- Description of the task -
Where the listing below has a line with "Bedroom Image of", write out exactly that line and every line after it, stopping after the line with "ZumiWallet™ Koi Tattoo Canvas Wallet".

━━━━

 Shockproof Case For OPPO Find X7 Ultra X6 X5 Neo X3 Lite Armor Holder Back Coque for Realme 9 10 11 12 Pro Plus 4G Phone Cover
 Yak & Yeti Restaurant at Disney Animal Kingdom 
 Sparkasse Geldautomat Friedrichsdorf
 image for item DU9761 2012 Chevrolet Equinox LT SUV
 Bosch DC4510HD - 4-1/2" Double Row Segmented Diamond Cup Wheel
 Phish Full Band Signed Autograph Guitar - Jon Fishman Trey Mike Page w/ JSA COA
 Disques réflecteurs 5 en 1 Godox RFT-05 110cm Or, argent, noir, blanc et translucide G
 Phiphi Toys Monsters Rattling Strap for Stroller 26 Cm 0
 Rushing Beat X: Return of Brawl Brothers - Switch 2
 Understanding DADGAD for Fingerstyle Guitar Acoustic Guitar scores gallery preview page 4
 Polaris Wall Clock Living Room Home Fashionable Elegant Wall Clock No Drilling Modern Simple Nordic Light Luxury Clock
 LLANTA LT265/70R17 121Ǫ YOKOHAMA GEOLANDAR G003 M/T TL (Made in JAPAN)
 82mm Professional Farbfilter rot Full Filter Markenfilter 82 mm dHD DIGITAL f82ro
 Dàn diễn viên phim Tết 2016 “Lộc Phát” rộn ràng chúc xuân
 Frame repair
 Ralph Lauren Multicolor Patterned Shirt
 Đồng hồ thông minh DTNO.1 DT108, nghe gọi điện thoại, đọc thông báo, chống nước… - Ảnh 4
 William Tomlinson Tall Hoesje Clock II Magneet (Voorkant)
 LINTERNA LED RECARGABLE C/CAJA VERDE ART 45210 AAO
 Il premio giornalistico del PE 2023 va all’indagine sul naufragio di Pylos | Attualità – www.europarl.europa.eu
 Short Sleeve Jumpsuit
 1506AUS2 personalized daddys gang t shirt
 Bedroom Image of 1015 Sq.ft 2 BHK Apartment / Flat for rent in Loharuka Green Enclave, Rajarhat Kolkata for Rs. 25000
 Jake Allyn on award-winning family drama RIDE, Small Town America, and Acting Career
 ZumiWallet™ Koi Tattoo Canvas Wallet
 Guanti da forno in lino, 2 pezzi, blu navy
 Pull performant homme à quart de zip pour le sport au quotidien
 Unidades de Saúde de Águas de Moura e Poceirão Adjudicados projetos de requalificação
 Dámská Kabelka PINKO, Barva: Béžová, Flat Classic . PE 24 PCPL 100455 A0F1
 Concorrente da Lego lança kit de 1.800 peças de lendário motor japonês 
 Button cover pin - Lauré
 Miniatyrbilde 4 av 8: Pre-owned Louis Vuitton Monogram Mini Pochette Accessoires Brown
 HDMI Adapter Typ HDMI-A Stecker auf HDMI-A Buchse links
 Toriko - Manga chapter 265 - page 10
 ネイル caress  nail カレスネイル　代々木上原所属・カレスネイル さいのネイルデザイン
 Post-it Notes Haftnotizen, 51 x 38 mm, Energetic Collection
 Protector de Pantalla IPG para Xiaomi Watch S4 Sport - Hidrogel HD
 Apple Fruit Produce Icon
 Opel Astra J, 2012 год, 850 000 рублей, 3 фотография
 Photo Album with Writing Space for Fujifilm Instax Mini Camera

━━━━

- Reply -
 Bedroom Image of 1015 Sq.ft 2 BHK Apartment / Flat for rent in Loharuka Green Enclave, Rajarhat Kolkata for Rs. 25000
 Jake Allyn on award-winning family drama RIDE, Small Town America, and Acting Career
 ZumiWallet™ Koi Tattoo Canvas Wallet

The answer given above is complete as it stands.